インフルの季節の診察について

今は新型コロナウィルスが大はやりだが、例年、インフルの季節になると医者が混む。先生方は日に40-50人ぐらいの診察をこなすので、どうしても流れ作業になってしまう。全員が「喉と発熱」と言い、たまたまその中に「喘息」や「肺炎」が入っていても、「あ、あなたもインフル」となりがちである。こういう場合、すこし変わった症状(血痰とか)を言うと医者も、「え、血痰?」となりインフル以外を疑う。我々だと忙しくても日に10人程度だが、呼吸器の先生の流れ作業は時間との勝負なので、どうしても十分問診に時間を割けない。こういう場合は少し忙しくない先生の所に行くとか、患者も知恵を働かせないといけない。患者にしてみると、「医者だから何でもわかっている」という気持ちになるのはわかるが、実際はそんな事は全くない。
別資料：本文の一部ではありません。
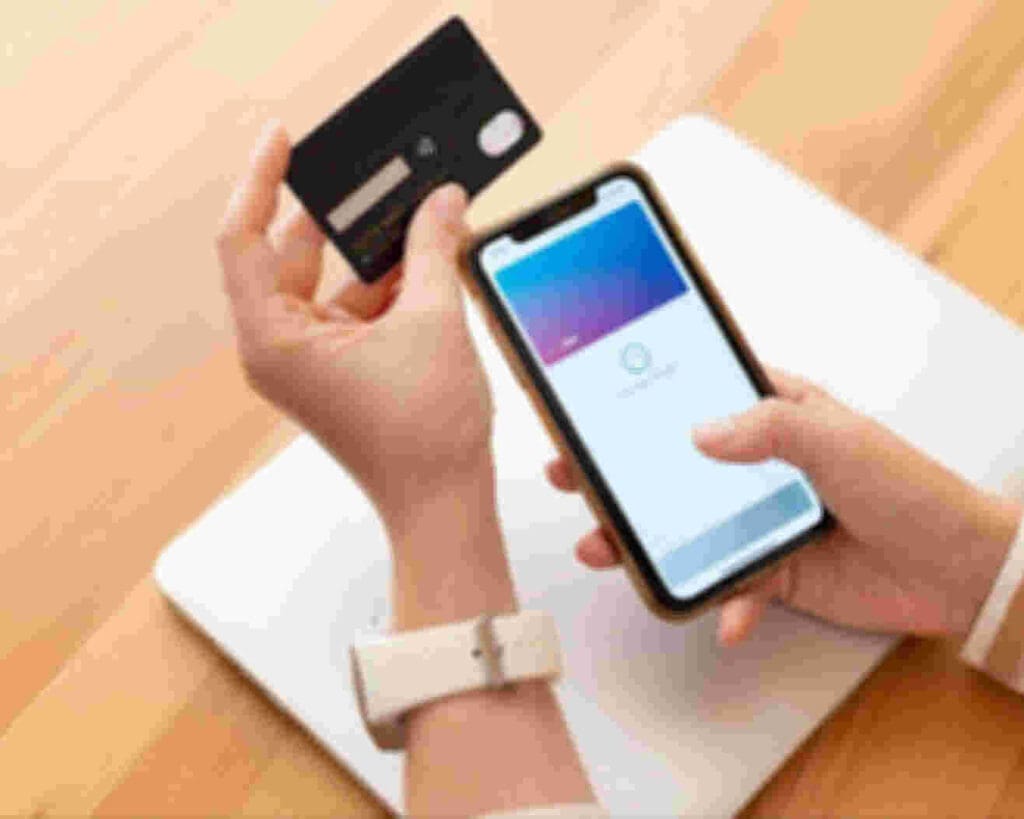 Developing a Mobile Banking Solution: What Businesses Should Know mobile banking solution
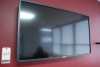 Panasonic 47" LCD TV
よく大学病院の先生だと学会で忙しかったり、救急が入ったり、色々と言われている先生は同時に色々な事を考えるので、目の前の患者から色々と言われても、完全にそれに集中出来るわけではない。画像を見ながら医者が、「うん~」と長い間があると患者は、「え、先生がこんなに考えているのは何か悪い病気?」と思いがちである。しかし現実は雑務に頭を使っている場合も多い。だから少しゆとりのある先生に診て頂くのも自己防衛の一つである。こんな事も知っていると誤診を防げる。